In einigen Ländern könnte der Krieg die Regierungen stürzen. Das theokratische Regime im Iran ist ohnehin angeschlagen, weil es Korruption und Wirtschaftskrise nicht in den Griff bekommt und Forderungen aus der Bevölkerung nach politischen Reformen ablehnt. Sollte der Iran im Krieg gegen Israel unterliegen, könnt das einen Volksaufstand gegen die Islamische Republik auslösen.
Angst vor dem Ausmaß bremst die Konfliktparteien
Noch ist der Krieg nicht unausweichlich. Seine absehbaren Folgen sind so umfassend, dass die Beteiligten davor zurückschrecken könnten. So erkennt Experte Demmelhuber beim Iran kein Interesse an einem Großkonflikt.
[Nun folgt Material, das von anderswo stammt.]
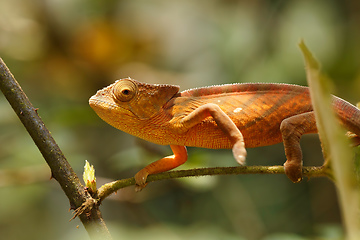 Image showing Parson\'s chameleon, Madagascar Wildlife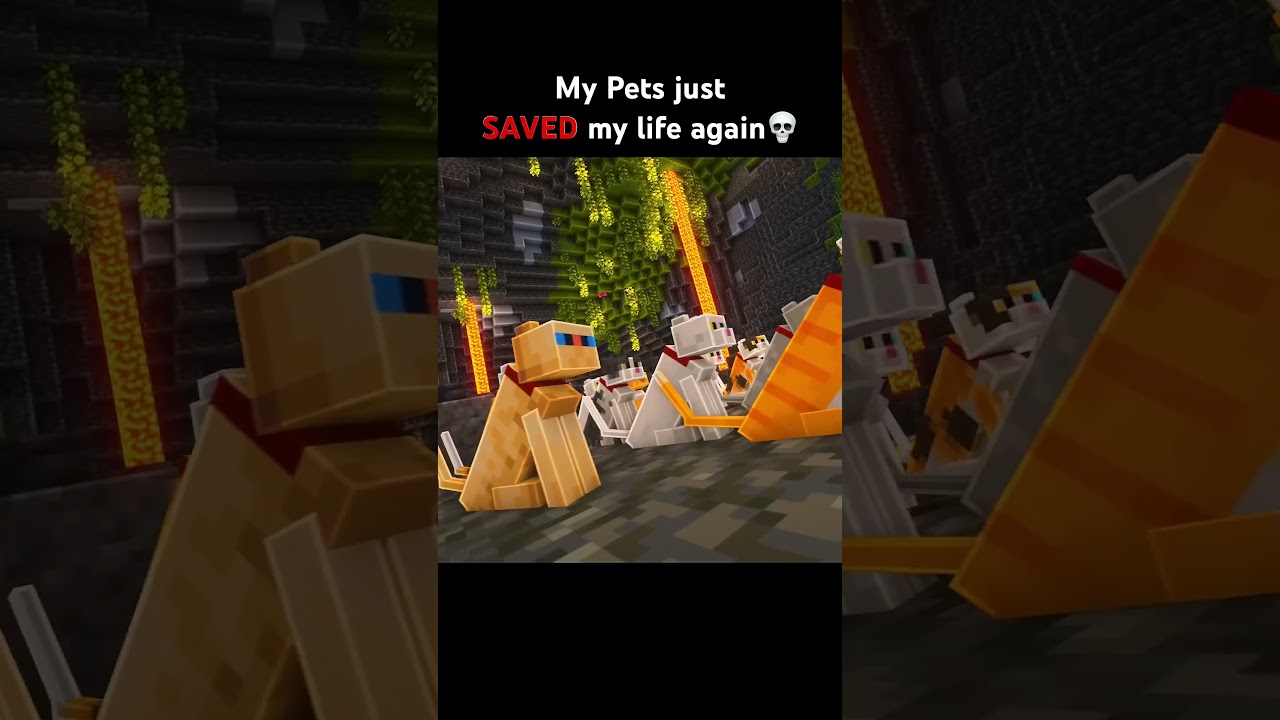 my cat saved my life Minecraft meow meow song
Das Regime will sein eigenes Überleben und das seiner Verbündeten wie der Hisbollah sichern. „Hisbollah ist der Juwel einer iranischen Doktrin der ‚Vorwärtsverteidigung‘“, sagt Demmelhuber. „Diese außenpolitische Trumpfkarte will Iran nicht aufs Spiel setzen.“
Das heißt nicht, dass es Frieden geben wird: Ein Zurück zu der Zeit vor dem Hamas-Angriff auf Israel sei sehr unwahrscheinlich, sagt Demmelhuber. Die Entwicklung läuft nach seiner Einschätzung auf einen „begrenzten Konflikt wie seit dem 7. Oktober“ hinaus, bei dem sich Israel und der Iran manchmal indirekt über Verbündete und manchmal direkt bekämpfen.